It’s been a contentious issue over fifteen years in the investment community. Are precious metals markets rigged? If you’ve never heard of GATA (Gold Anti-Trust Action Committee) I suppose it’s about time they get some credit for quiet behind the scenes research into irregular trading patterns of precious metals on the COMEX and LME. GATA has in fact appeared before U.S. law makers on the topic of market rigging during the period in which this alleged illicit trading was conducted. Did the U.S. government significantly digest claims made by GATA through GATA’s research? How could the U.S. Senate draft a 396 page report entitled “Wall Street Bank Involvement with Physical Commodities” having not discovered any of these trades though which allegedly number in the “thousands”.
The news….JP Morgan appears (a plea at minimum so far) to be guilty of conducting illicit futures trades in precious metals as reported by CNBC on December 13, 2018 and in fact there is a reference in the article to the trades by an employee of the firm as being conducted with the consent and direct knowledge of his immediate supervisors.
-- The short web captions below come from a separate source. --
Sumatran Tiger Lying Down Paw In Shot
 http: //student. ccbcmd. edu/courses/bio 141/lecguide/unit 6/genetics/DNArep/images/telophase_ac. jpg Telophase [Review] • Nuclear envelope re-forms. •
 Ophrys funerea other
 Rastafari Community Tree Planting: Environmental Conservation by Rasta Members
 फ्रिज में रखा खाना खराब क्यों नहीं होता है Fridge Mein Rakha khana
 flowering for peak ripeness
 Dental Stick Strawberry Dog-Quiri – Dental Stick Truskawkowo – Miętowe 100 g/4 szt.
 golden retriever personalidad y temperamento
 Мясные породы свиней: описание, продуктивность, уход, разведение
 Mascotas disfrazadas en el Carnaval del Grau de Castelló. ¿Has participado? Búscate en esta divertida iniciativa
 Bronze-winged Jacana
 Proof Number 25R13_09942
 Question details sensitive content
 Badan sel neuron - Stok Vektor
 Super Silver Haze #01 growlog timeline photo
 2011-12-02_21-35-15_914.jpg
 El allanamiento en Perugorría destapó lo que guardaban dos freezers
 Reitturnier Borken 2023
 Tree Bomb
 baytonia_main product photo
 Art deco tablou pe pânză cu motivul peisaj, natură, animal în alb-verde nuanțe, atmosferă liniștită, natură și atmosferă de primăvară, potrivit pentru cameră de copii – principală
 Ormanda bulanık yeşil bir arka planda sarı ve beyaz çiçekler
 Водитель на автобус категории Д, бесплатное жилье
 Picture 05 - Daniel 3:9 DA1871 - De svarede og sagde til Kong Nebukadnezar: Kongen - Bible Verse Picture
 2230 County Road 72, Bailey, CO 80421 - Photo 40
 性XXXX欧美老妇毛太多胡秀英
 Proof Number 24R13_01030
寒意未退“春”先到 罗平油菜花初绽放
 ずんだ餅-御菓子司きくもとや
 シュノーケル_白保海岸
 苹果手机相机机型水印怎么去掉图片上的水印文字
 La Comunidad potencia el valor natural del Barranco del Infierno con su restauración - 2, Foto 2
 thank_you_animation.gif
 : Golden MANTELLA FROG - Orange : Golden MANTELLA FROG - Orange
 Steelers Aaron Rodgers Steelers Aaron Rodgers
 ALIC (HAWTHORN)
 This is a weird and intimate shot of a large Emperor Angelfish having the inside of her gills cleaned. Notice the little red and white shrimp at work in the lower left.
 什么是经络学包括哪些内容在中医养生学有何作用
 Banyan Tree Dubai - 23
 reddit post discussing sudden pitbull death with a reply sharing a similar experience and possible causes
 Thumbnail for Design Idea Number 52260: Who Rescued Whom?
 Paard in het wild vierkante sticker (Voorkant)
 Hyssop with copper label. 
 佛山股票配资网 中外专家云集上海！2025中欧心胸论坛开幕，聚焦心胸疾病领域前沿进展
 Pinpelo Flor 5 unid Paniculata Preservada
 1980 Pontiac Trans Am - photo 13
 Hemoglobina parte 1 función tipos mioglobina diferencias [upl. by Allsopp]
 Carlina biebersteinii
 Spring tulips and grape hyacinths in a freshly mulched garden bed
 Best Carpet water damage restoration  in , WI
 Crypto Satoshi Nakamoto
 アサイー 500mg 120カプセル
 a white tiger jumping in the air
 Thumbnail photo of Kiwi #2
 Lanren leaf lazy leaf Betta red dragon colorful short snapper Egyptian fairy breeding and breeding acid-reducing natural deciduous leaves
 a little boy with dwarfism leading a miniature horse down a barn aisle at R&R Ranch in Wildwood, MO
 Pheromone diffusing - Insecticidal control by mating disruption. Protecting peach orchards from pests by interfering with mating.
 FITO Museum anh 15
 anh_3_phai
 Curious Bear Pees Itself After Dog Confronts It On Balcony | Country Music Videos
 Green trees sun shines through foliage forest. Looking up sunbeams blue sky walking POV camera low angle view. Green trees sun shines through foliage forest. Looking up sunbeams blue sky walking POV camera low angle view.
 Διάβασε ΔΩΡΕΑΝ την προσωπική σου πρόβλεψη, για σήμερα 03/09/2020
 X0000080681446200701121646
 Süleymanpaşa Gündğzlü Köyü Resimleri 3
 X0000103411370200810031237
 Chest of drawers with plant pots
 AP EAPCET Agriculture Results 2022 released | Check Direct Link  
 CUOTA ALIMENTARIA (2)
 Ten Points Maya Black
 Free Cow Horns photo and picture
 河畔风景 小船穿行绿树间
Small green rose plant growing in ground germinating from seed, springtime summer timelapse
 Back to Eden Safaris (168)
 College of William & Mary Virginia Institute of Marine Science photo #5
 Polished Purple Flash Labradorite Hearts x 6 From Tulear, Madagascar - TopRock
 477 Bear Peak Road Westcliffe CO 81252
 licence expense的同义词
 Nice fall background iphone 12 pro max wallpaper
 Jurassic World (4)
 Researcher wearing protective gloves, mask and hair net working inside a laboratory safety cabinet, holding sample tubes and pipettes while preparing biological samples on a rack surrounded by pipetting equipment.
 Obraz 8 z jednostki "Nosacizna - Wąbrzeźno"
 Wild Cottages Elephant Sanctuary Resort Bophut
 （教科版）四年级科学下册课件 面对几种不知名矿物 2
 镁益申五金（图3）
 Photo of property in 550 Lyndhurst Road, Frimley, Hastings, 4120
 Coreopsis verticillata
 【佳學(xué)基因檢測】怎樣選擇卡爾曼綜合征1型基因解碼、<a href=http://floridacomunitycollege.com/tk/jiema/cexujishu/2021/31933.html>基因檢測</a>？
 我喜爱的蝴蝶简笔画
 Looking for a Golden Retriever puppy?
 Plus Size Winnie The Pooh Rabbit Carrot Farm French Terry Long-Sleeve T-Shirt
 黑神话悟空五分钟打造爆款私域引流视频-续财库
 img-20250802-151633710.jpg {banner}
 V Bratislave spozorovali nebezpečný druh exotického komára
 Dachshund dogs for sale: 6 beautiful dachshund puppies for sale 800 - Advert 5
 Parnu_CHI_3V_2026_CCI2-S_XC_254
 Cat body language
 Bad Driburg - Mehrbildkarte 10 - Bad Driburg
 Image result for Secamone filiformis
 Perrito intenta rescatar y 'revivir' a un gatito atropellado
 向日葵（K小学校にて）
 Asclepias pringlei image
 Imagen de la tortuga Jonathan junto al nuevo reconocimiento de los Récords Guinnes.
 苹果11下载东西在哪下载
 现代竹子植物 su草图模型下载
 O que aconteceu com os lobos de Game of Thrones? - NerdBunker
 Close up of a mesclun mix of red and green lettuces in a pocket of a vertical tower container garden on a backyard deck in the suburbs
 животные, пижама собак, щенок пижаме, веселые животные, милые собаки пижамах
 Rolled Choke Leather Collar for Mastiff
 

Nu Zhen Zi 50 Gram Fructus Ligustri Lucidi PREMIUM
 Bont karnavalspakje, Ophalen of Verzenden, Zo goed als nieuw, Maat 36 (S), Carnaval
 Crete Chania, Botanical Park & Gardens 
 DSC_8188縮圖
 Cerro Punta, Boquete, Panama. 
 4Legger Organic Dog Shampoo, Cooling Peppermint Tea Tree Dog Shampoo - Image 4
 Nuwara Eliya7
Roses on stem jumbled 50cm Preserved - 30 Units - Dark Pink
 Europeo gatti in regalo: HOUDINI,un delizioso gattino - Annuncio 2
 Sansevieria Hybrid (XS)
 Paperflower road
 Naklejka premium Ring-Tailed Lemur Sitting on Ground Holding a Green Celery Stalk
A class action law suit is underway representing those who traded the futures precious metals markets between 2009 and 2015.
Chris Powell of GATA speculates in his December 18, 2018 article whether gold mining companies who have reason to trade futures in order to hedge production will participate. Mr. Powell goes on to elaborate why the gold mining industry has been reluctant to postulate about market rigging. Austrian economists could expound greatly on motives for the suppression of the gold price.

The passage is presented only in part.